Nous mettons en place le levier inédit d'un grand service public d'une école inclusive.

Nous voulons une amélioration visible dès la rentrée prochaine par un recrutement de 80 000 accompagnants, sur tout le territoire ; ces personnes seront formées avant la rentrée. Nous voulons que les accompagnants se sentent appartenir pleinement à la communauté éducative, notamment par la signature de contrats de trois ans, renouvelables une fois, pouvant déboucher sur des CDI. Donnons cette espérance aux élèves et aux familles.

Ce projet de loi a l'ambition de permettre à l'école d'être le lieu de tous les possibles, premier outil de la justice sociale. L'école de la confiance est une aspiration sociale profonde pour plus de liberté, d'unité et de protection.

Notre société française est trop défiante. Enclenchons le cercle vertueux de la confiance en nous basant sur des textes exacts dans un esprit de progrès et de discussion.

M. Rachid Temal.  - Nous sommes sauvés !

M. Jean-Michel Blanquer, ministre.  - Notre philosophie de la confiance converge avec la philosophie de la démocratie parlementaire, en proposant et en faisant confiance au lieu d'imposer. L'abaissement de la scolarité obligatoire et la formation de 16 ans à 18 ans sont des acquis fondamentaux, mais ce ne sont pas les seuls de ce texte. Au centre de ce texte se trouvent les professeurs, sans lesquels rien n'est possible.

Je suis fier de présenter un texte qui porte une politique ambitieuse donnant à nos enfants des racines et des ailes (On ironise sur les bancs du groupe CRCE.) pour une société de liberté, d'égalité et de fraternité. (Applaudissements sur les bancs des groupes LaREM, Les Indépendants et UC)

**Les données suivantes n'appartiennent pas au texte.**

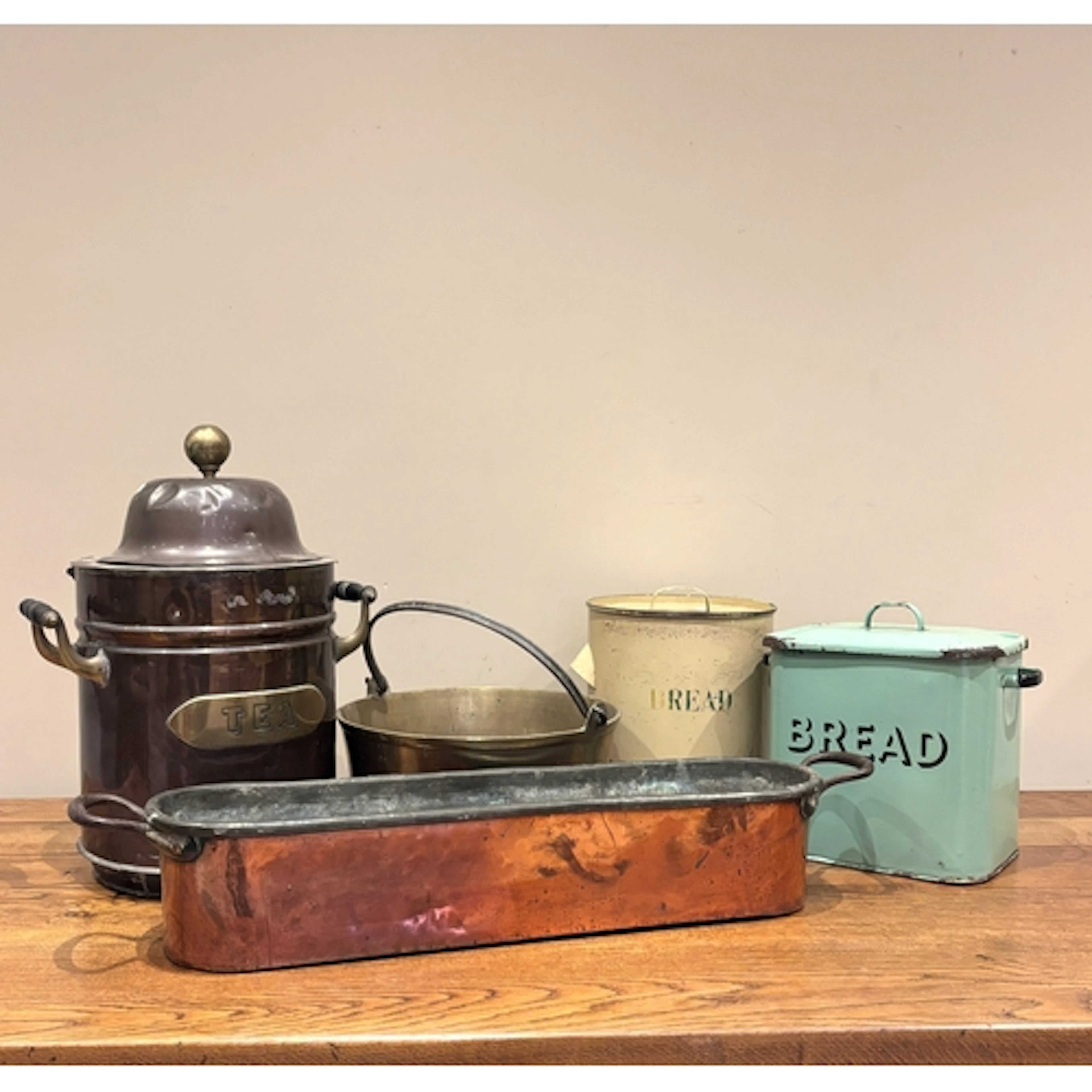 A green enamel bread bin and cover, of rounded rectangular f...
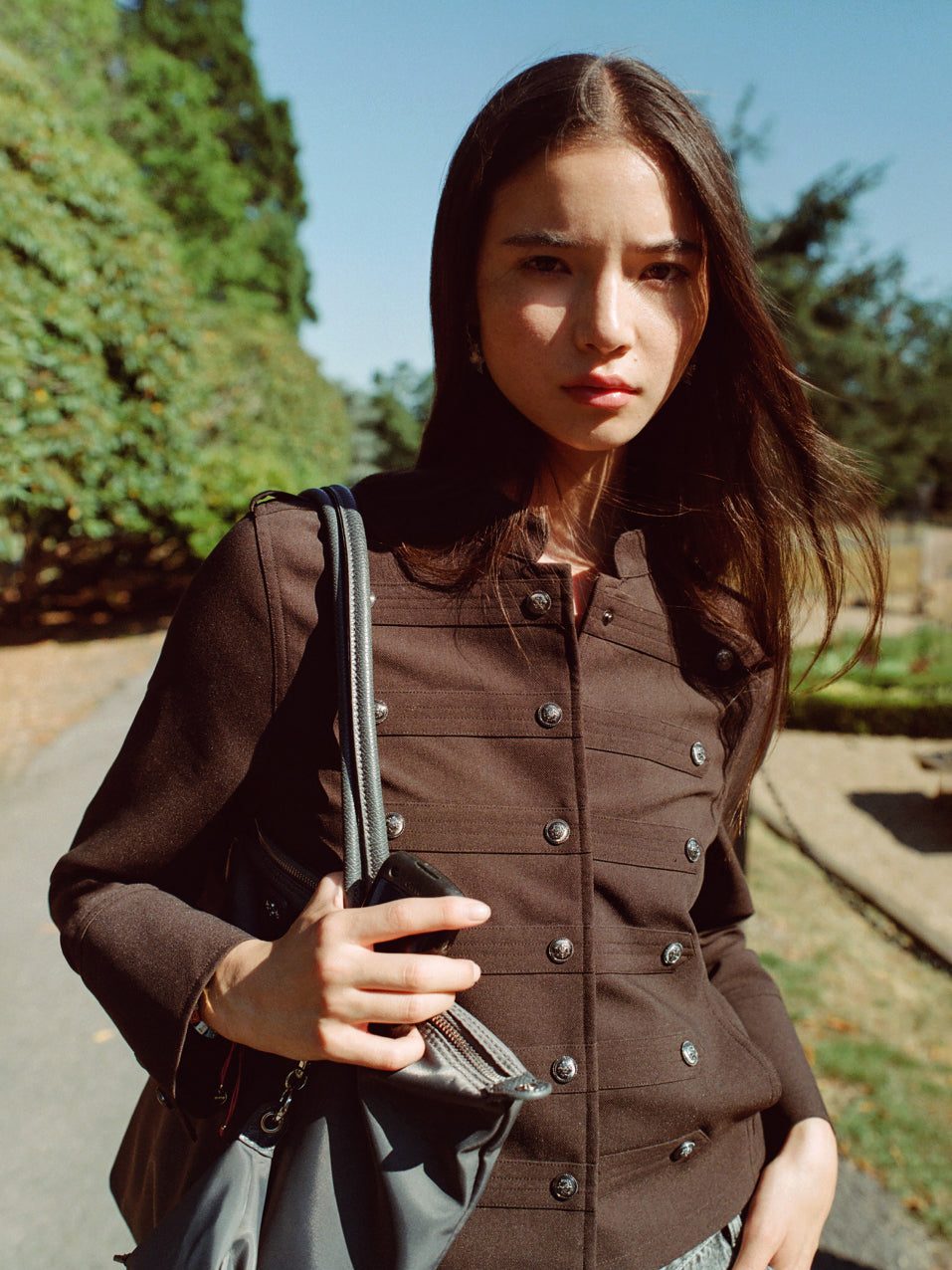Playful Casual: Brown Jacket with Plaid Skirt and Studded Shoes — Brown Coat Outfits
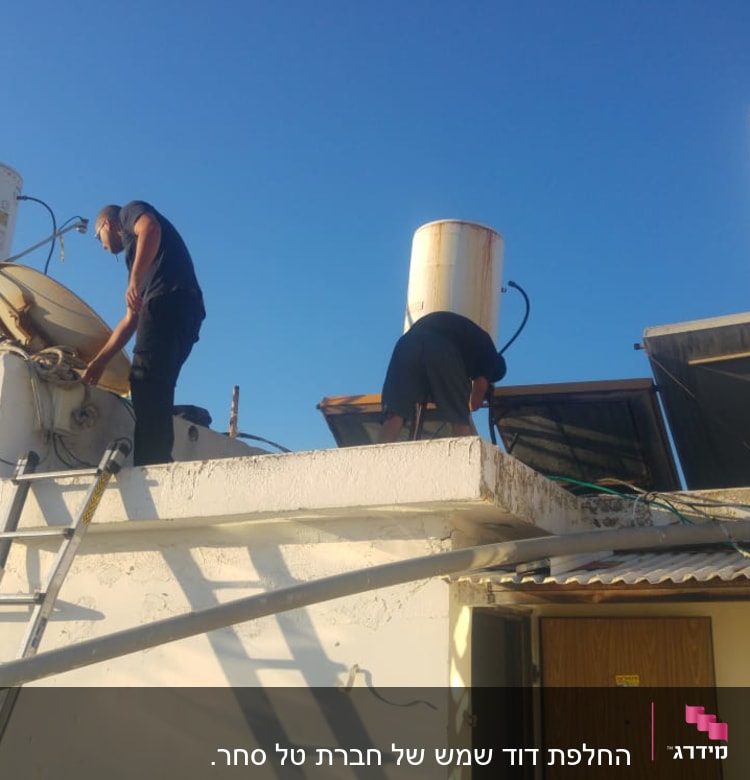 אנשים מתקנים דוד שמש על גג עם קולטים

M. Max Brisson, rapporteur de la commission de la culture .  - (Applaudissements sur les bancs du groupe Les Républicains) Que n'a-t-on entendu sur le sort réservé à ce projet de loi par notre commission, qui aurait saqué, mis au lance-flammes...

Nous avons porté un regard critique sur ce projet de loi, qui peut nous le reprocher ? Mais c'était pour l'améliorer, le compléter et le densifier. Nous avons déploré que la méthode fasse fi de la concertation et du dialogue social, comme tout ce qui concerne l'établissement public local d'enseignement des savoirs fondamentaux (EPLESF), l'école inclusive ou les multiples habilitations à légiférer par ordonnances.

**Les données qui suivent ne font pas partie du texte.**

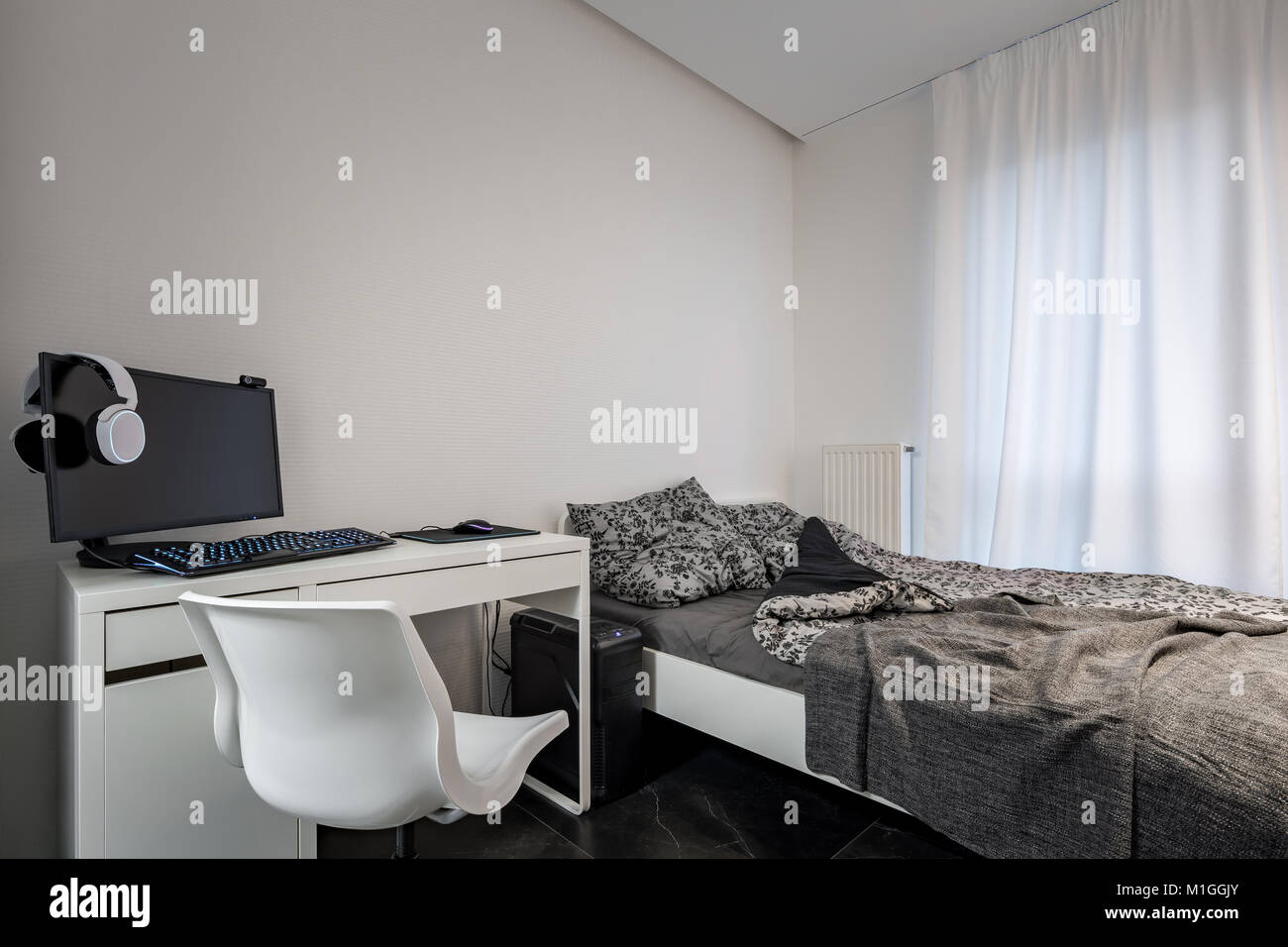 Schlafzimmer mit Einzelbett, weiß Schreibtisch und Stuhl Stockfoto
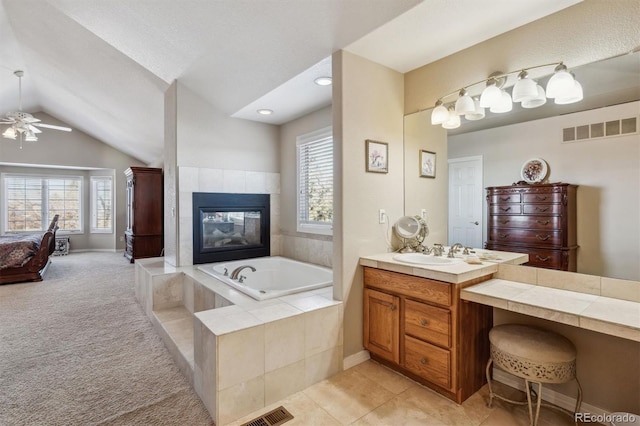 10834 Bobcat Ter, Lone Tree, CO 80124 - ensuite bathroom with a bath, vanity, lofted ceiling, a tile fireplace, and ceiling fan
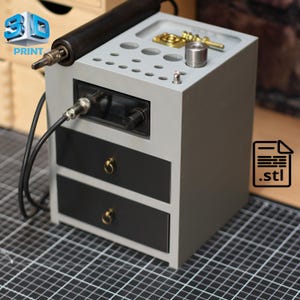 Könnte beinhalten: Eine graue 3D-Druckstation mit einem schwarzen Bedienfeld, zwei schwarzen Schubladen mit goldenen Griffen und einer Oberseite mit verschiedenen Löchern und Metallkomponenten. Ein schwarzes Kabel und ein 3D-Druckwerkzeug sind angebracht. Der Text "3D PRINT" und ein .stl-Dateisymbol sind enthalten.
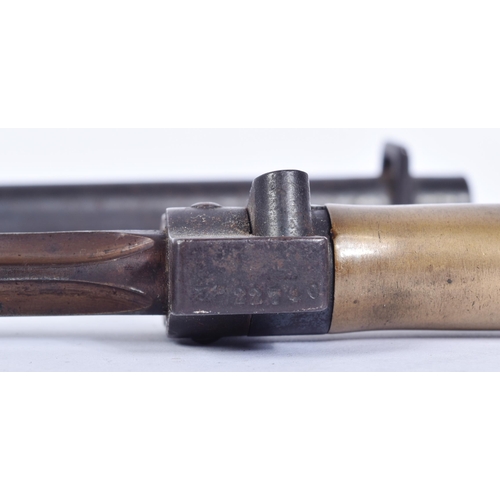 266 - An original 19th Century French M1886 Lebel rifle bayonet. The bayonet having a smooth brass grip wi... 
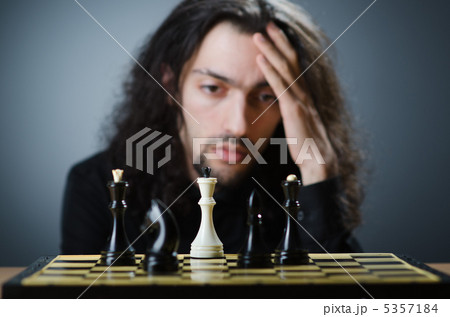 Chess player playing his game 5357184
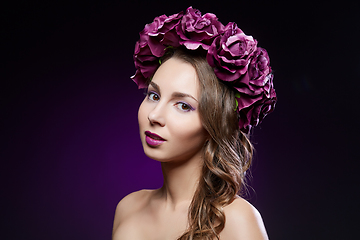 Image showing beautiful girl with purple makeup and flowers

Vous voulez une école plus juste, certes, mais ce projet de loi est incomplet. En abaissant l'âge de l'instruction obligatoire à 3 ans, vous proposez une avancée démocratique que l'école n'avait pas connue depuis les lois fondatrices de Jules Ferry, mais ce progrès est symbolique puisqu'il ne concernera que 2 % d'une classe d'âge. Cette mesure emblématique est, pour l'essentiel, une mesure d'adaptation. Hormis en Guyane et à Mayotte où son application se heurtera à de grandes difficultés, cette mesure n'aura pas de réel impact sur les autres territoires français : la loi ne fait que suivre le mouvement de la société.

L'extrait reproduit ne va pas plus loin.